In the third over of the Indian innings, Gautam Gambhir drove superbly, but David Warner put in a better dive at cover to save the boundary. However, the ball slipped out and kept going further away. Warner began swimming on the ground to try to keep the ball in his control. He couldn't stop the single, but his attempt brought out smiles on the other Australian fielders' faces.
Not. In the second over of the game, Suresh Raina fielded one at cover, ran in towards the stumps, assumed the ball was dead and lobbed it towards mid-on, who was caught napping. Matthew Wade thought of taking the overthrows but stopped, only to see David Warner run towards him. The two went ahead for two overthrows even as India protested. The umpire agreed, and took away the runs. It would have been interesting, though, if there had been a run-out attempt involved.
The continuing redemption
R Vinay Kumar continues to get Warner out. On his debut, Vinay was demolished by Warner. Since then, though, Vinay has taken Warner out in one Twenty20 and today's ODI. Vinay to Warner in Tests: 36 balls, 43 runs, no wicket. In ODIs: eight balls, two runs, one wicket; in T20Is: six balls, 11 runs, one wicket.

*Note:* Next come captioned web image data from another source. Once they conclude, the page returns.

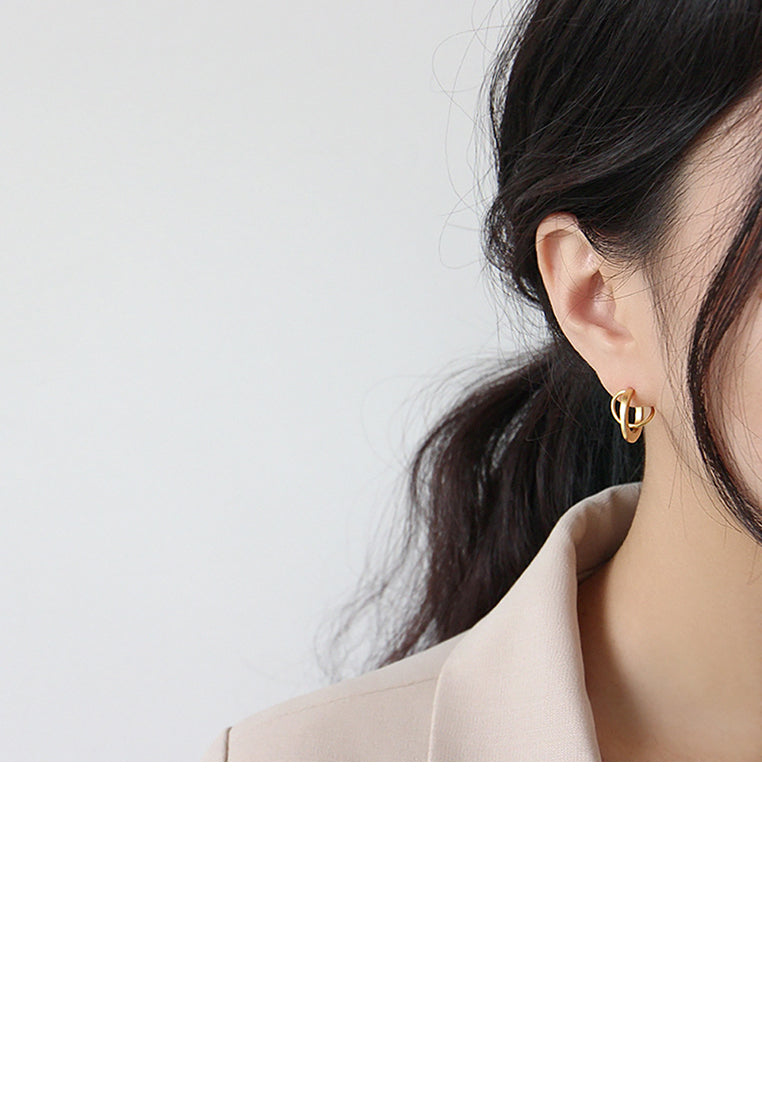 925 Sterling Silver Plated Gold Simple Creative Geometric Half Circle Stud Earrings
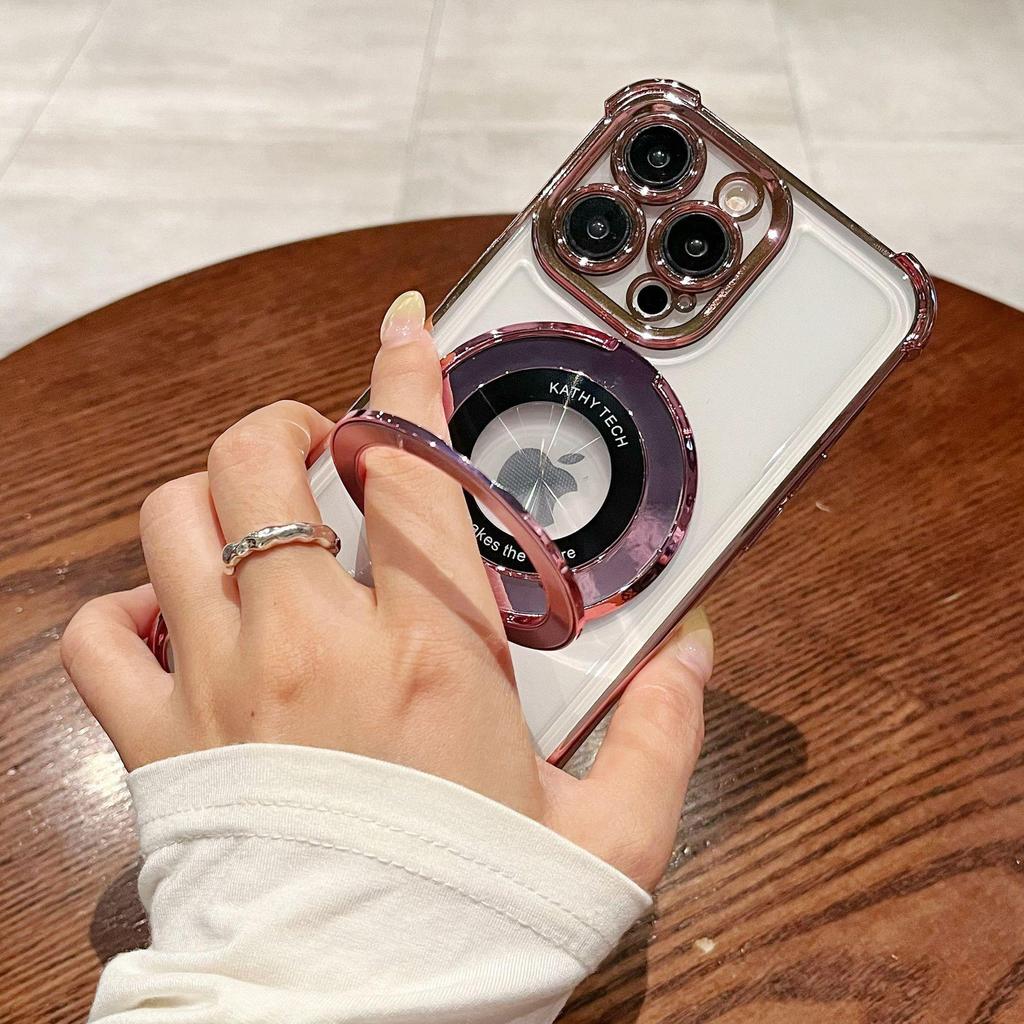 Elektropläterat magnetiskt ställ för iPhone 13/15/16PRO Stöttåligt mjukt skal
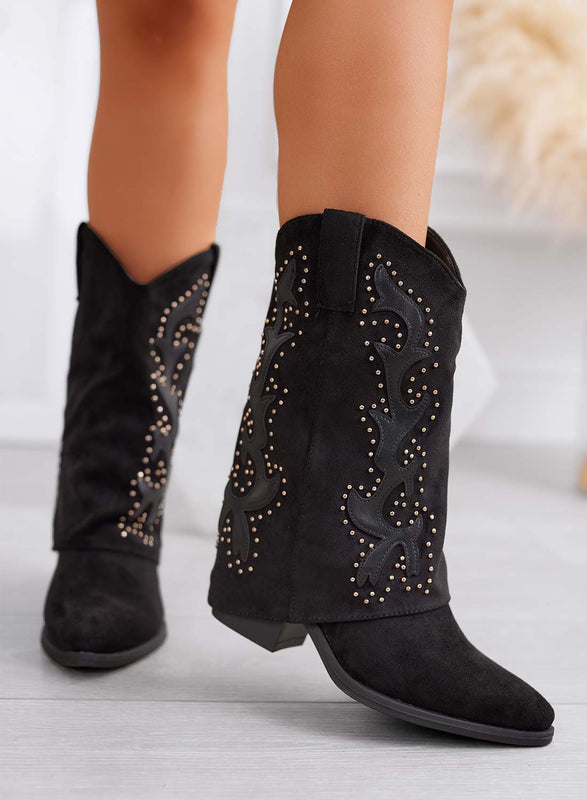 ARTHUR - Black western boots with a folded cuff and gold rivets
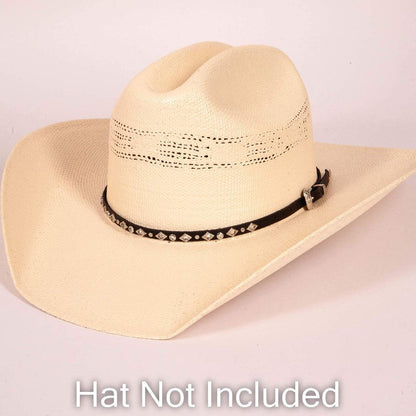 Tiffany black cowboy hatband on straw cowboy hat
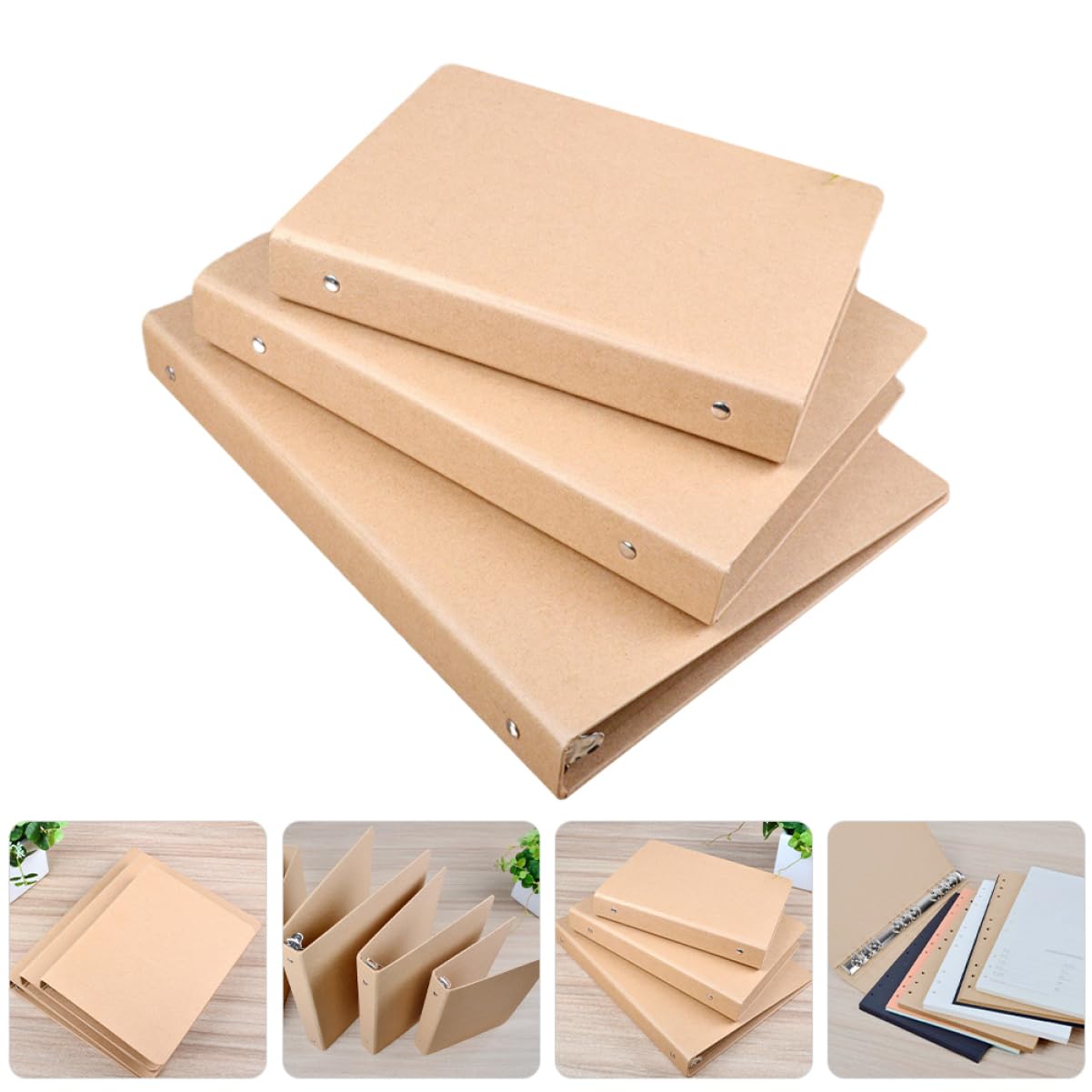 Classeur à Cahier Souple 3 Pièces en Papier Kraft Khaki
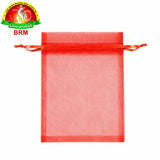 Red Plain Organza Potli Bag | Return Gift Bag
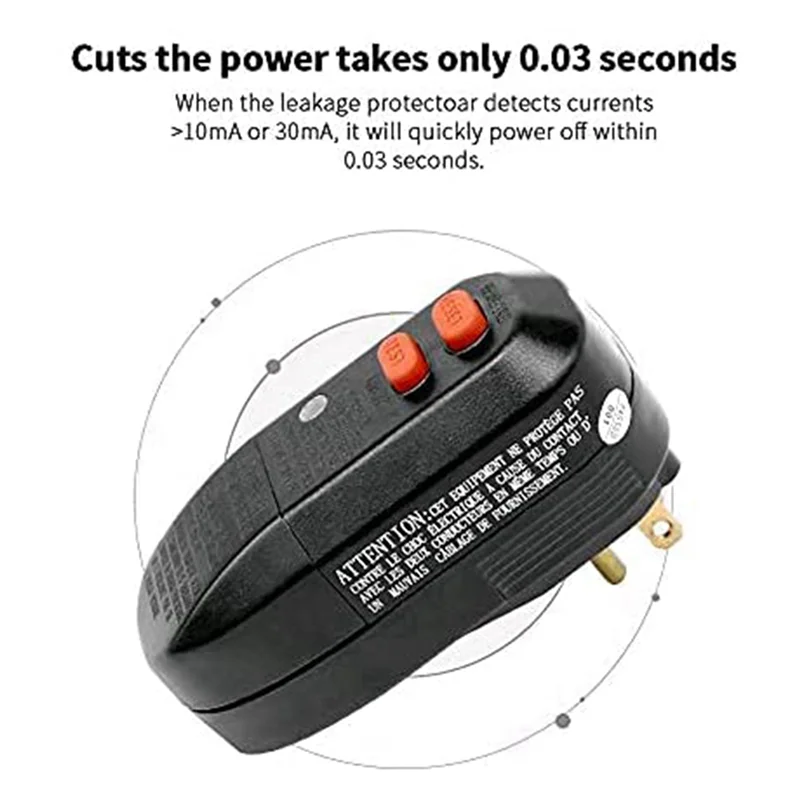 

ABGI-4X GFCI Replacement Plug 3-Prongs 15A 3-Wires With Ground Fault Circuit Interrupter Safety RCD Protection US Plug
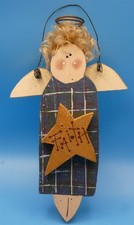 Vintage Primitive Wooden Angel Ornament Faith Star Blue Plaid Country Folk Art picture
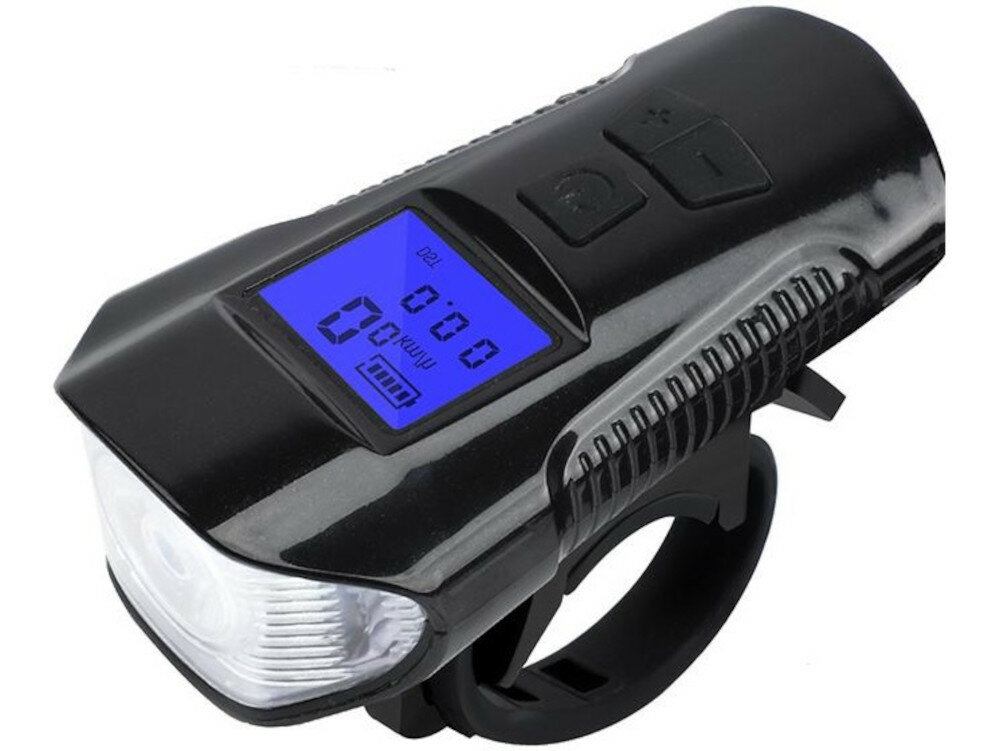Lampka rowerowa BECOOL BC-FL1584 z licznikiem jasne światło moc 350 lumenów mocna konstrukcja funkcjonalna polimerowa bateria litowo-jonowa moc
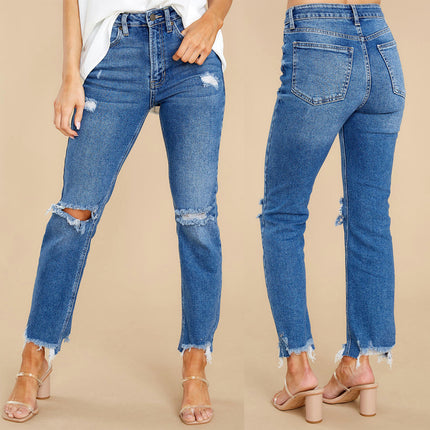 Women's Ripped Mid Waisted Jeans Boyfriend Distressed Denim Pants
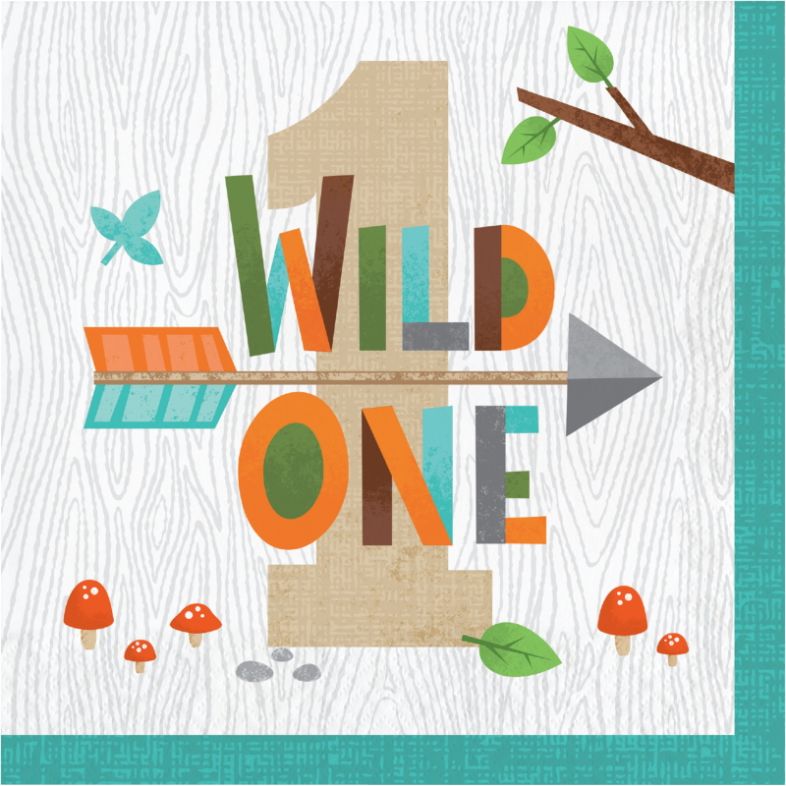 Wild Woodland 1st Birthday Napkins Pack of 16 | Party Save Smile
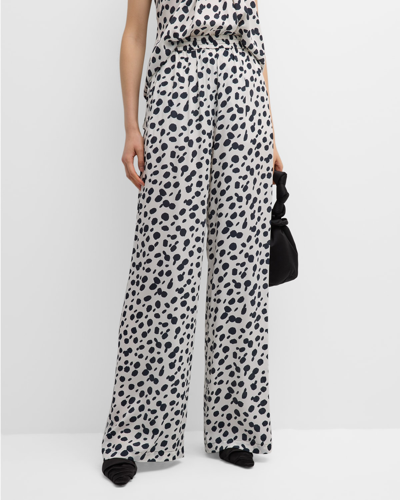 Shop Rosetta Getty Cheetah-print Relaxed Wide-leg Pull-on Pants In Blackwhite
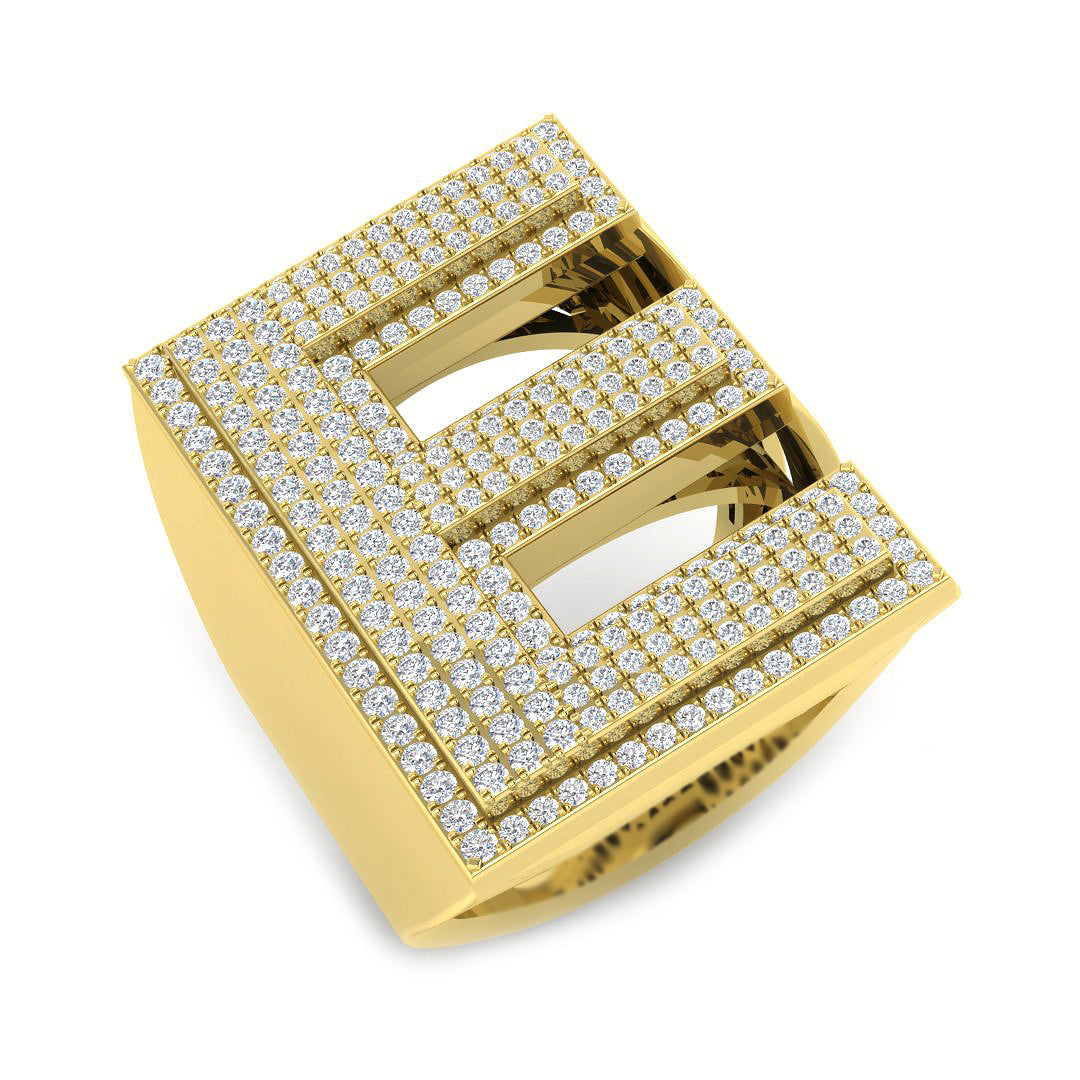 Diamond Initial E Ring in 10K/14K gold and platinum with certified lab-grown or natural diamonds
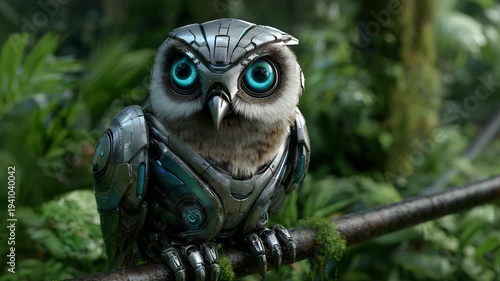 Cyborg owl perched on branch in lush green forest with glowing blue eyes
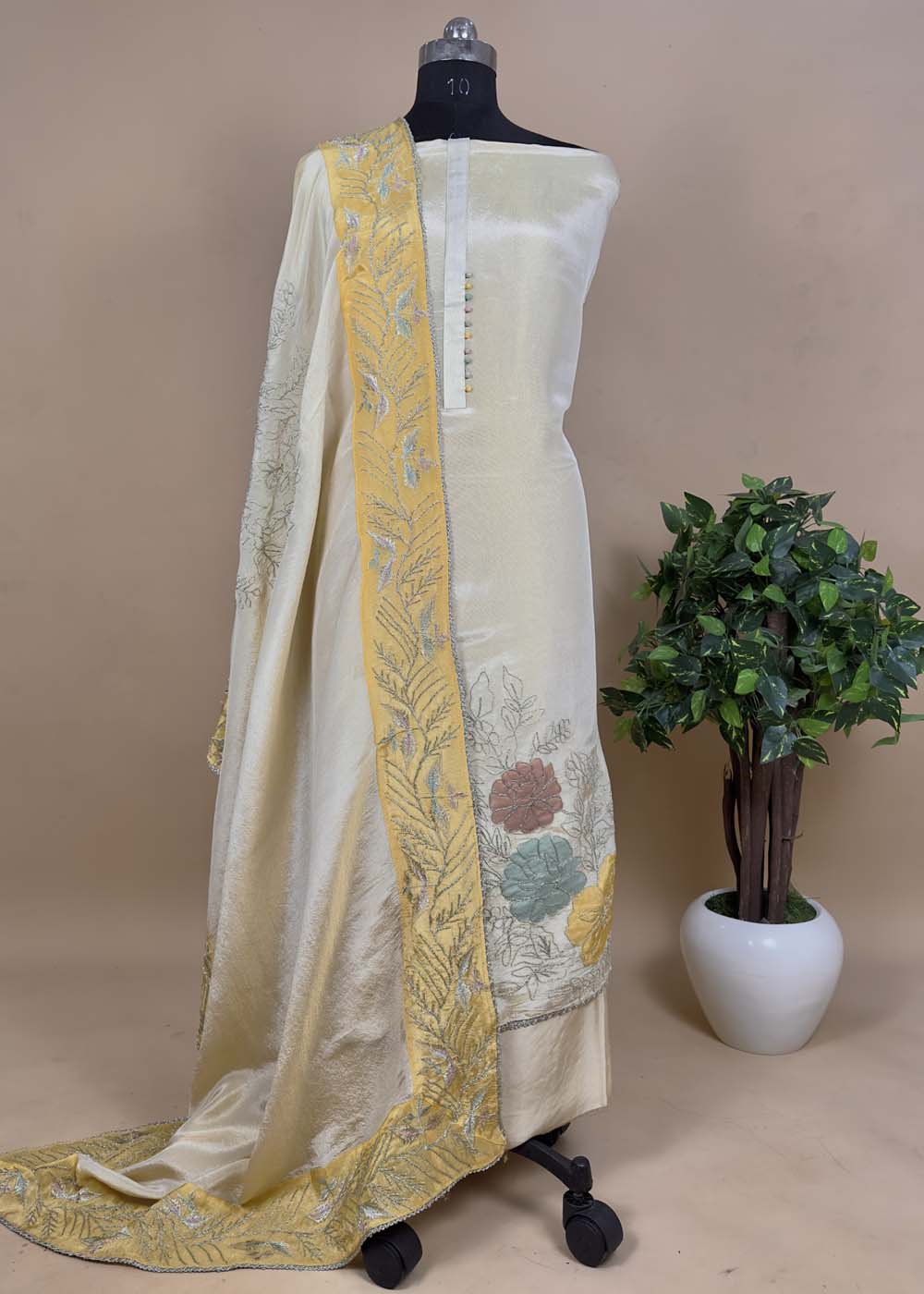 Yellow Soft Tissue Organza Suit With Gotapati Work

With the game reduced to 32 overs, the bowling restrictions were changed to a maximum of seven overs for two bowlers. Everyone seemed to have forgotten that Praveen Kumar and Vinay had already bowled seven each when Rahul Sharma came on to bowl the 32nd over. Two balls later the umpires realised it was Rahul's seventh too, and had to call MS Dhoni for a conversation before taking the ball away.
Australia had their innings interrupted during the 11th over, and came back to end up with 5 for 216. During the break computers and calculators got into action to arrive at the D/L target for India. And in a near-unique instance, they came up with a target of 217. New cricket fans would have wondered what the fuss was all about.